■ EXERCISE BRIEF
Look through the data below for the line with "58 Walsh Street photo 44" and the line with "Detail Gallery Image", then output those two and all lines in between, exactly as written.

Stored entries:
• • •

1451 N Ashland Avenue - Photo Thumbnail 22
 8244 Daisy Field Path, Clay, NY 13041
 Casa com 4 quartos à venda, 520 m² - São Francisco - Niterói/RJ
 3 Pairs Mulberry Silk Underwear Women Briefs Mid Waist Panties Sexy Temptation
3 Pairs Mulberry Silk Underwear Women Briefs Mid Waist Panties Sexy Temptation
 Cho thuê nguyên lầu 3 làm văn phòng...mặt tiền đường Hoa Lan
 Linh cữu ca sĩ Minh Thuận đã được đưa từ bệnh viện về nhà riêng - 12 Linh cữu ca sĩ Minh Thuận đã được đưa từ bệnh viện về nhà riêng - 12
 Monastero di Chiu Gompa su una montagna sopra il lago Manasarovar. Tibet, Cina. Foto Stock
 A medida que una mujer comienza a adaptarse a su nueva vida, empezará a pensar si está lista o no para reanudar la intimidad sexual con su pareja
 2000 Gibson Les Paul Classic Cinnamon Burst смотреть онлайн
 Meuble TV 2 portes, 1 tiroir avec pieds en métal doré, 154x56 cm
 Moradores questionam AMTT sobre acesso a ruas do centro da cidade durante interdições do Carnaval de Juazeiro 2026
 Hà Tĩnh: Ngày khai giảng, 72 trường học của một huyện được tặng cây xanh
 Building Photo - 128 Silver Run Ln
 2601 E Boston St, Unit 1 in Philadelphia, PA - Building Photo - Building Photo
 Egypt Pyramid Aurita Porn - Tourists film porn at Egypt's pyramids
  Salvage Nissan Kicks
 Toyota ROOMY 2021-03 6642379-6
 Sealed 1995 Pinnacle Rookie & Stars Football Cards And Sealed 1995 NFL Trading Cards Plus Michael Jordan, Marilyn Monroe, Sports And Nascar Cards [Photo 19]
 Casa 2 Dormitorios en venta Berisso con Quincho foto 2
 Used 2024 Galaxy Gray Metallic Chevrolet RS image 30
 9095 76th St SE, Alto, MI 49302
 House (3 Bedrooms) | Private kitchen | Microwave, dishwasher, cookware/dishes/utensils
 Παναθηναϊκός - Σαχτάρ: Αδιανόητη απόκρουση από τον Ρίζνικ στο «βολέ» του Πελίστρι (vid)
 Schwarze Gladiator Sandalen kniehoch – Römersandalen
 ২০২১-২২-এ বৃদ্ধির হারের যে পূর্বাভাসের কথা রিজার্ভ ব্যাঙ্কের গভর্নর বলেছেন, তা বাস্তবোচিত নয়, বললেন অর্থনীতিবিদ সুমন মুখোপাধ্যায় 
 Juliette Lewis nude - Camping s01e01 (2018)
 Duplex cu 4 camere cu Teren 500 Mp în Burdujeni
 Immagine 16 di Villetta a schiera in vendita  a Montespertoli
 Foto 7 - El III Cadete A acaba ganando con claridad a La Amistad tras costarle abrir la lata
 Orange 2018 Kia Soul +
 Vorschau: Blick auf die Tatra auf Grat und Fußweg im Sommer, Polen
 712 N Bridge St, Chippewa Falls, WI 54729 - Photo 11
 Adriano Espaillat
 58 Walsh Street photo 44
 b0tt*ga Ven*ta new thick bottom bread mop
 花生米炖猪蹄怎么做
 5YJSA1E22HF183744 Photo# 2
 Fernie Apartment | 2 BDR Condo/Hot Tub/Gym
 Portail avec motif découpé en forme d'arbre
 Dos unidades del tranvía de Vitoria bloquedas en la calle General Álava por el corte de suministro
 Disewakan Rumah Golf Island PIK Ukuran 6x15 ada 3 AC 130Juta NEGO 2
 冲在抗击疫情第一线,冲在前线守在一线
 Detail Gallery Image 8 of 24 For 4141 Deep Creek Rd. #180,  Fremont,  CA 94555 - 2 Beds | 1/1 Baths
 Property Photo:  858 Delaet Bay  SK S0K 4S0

• • •

■ EXPECTED OUTPUT
 58 Walsh Street photo 44
 b0tt*ga Ven*ta new thick bottom bread mop
 花生米炖猪蹄怎么做
 5YJSA1E22HF183744 Photo# 2
 Fernie Apartment | 2 BDR Condo/Hot Tub/Gym
 Portail avec motif découpé en forme d'arbre
 Dos unidades del tranvía de Vitoria bloquedas en la calle General Álava por el corte de suministro
 Disewakan Rumah Golf Island PIK Ukuran 6x15 ada 3 AC 130Juta NEGO 2
 冲在抗击疫情第一线,冲在前线守在一线
 Detail Gallery Image 8 of 24 For 4141 Deep Creek Rd. #180,  Fremont,  CA 94555 - 2 Beds | 1/1 Baths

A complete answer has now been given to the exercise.